Tracking and recovering weather balloons, by Ralph Adams, VA7VZA

At over 800 locations around the world, at 0:00 and 12:00 UTC every day, a strange ritual is performed. Technicians fill a latex or neoprene balloon with a metered volume of hydrogen or helium, and then attach a small instrument package (called a radiosonde) to the now bouyant balloon. The balloon is then released and rises through the atmosphere dragging along the radiosonde. As it rises, temperature, pressure, and humidty measurements, as well as GPS derived location and elevation, are telemetered back to the launch station. The location and elevation are used to calculate the windspeed and direction with height. The balloon keeps on rising and being carried downwind until the balloon can expand no more and bursts. By this time the balloon can be as high as 30 km above the surface and up to several hundred kilometres downwind of the launch site. Within a few hours the data have been checked and shared between meteorological agencies and databases around the world.

Why?
The measurements,  called upper air soundings, are extremely important in determining the stability of the atmosphere and are used as inputs to computer models that are used to forecast the weather. The are also used by forecasters to predict if lightning and damaging thunderstorms are likely, how the atmosphere is able to disperse pollutants like smoke and other pollutants, and to control when open burning of logging slash can occur. The data are also used in other models like climate change simulations and pollutant dispersion models. Remember the dispersion modelling done during the application for the Ajax mine near Kamloops, the model used upper air observations for the three year period to project dust emissions and other pollutants and how they could affect Kamloops residents.

Where?
In British Columbia there are four stations where radiosondes are launched twice a day: Prince George, Vernon, Port Hardy, and Fort Nelson. As well there are stations in Washington State at Spokane and Quillayute, and in Alaska at Annette Island, from which radiosondes can fly over BC after launch.

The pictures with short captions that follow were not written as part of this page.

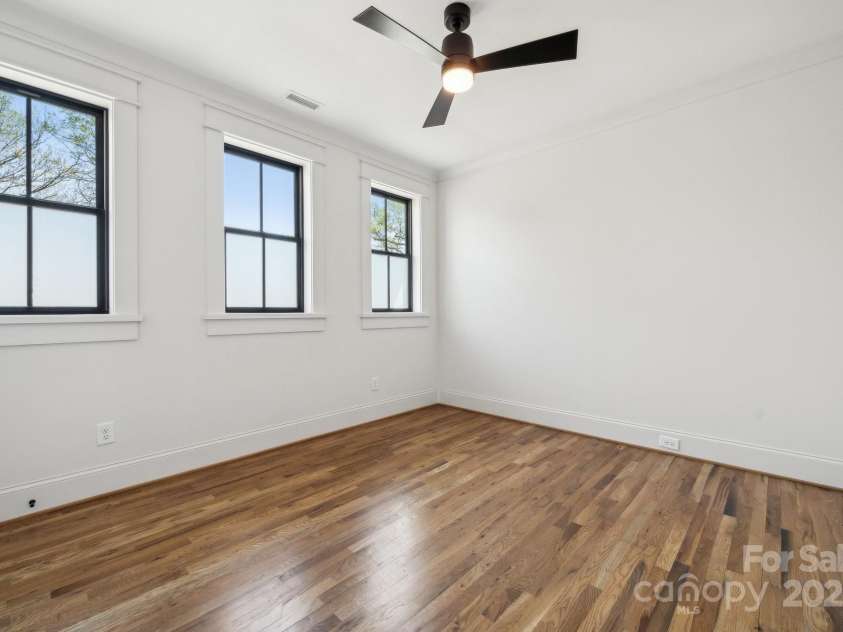 1218 Karendale Avenue, Charlotte, NC 28208.  MLS# CAR4239159, YatesRealty ID 8413. Bedroom 3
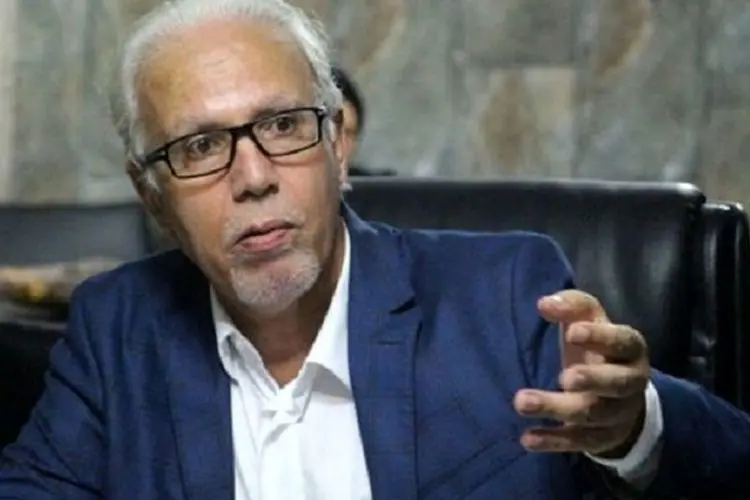چرا پنجره نقل‌وانتقالاتی آن‌ها باز شد؟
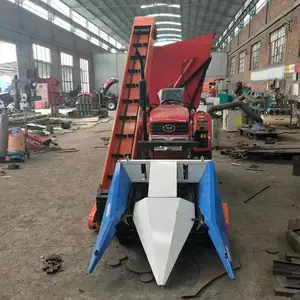 玉米收割机现场制作图片I厂家现场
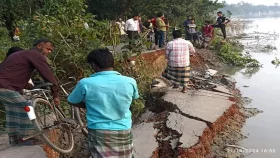 চোখের পলকে নদীতে বিলীন ঘরবাড়ি-পাকা সড়ক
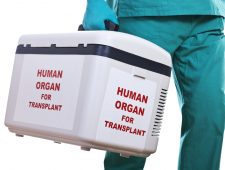 Hoe organen voor levensreddende transplantaties onderweg zoekraken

The station in Vernon has had a strange history -- the station was on the ridge west of Kalamalka Lake and Highway 97 until the 1980s. In those days there were no GPS satellites and the location and elevation of the rising radiosonde was determined with radar. This required a large installation for each ground station. When the Mountain Weather Office was established on the grounds of what is now UBC Okangan in Kelowna, the launch site was moved there. A few years ago, UBCO decided that expanding a parking lot was more important than upper air soundings and the station was evicted. There were no upper air data available for the Southern Interior of BC for several years until a new station in Vernon was established by Environment Canada. Next time you drive to Kelowna, look to the west (right) as you pass the Kalamalka Forestry Research station and you will see the old upper air station on the ridge. It is now used as a community eductation centre. Environment Canada is hoping to use the old station again, but until then the radiosondes are launched from the Water Survey of Canada office at the north end of Vernon.

The current and historical  data for all stations are freely available from various internet databases. One of the easiest to use if the University of Wyoming site at: http://weather.uwyo.edu/upperair/sounding.html

Here is an example of the data collected. This is the data collected at 12:00 UCT on October 1st 2020.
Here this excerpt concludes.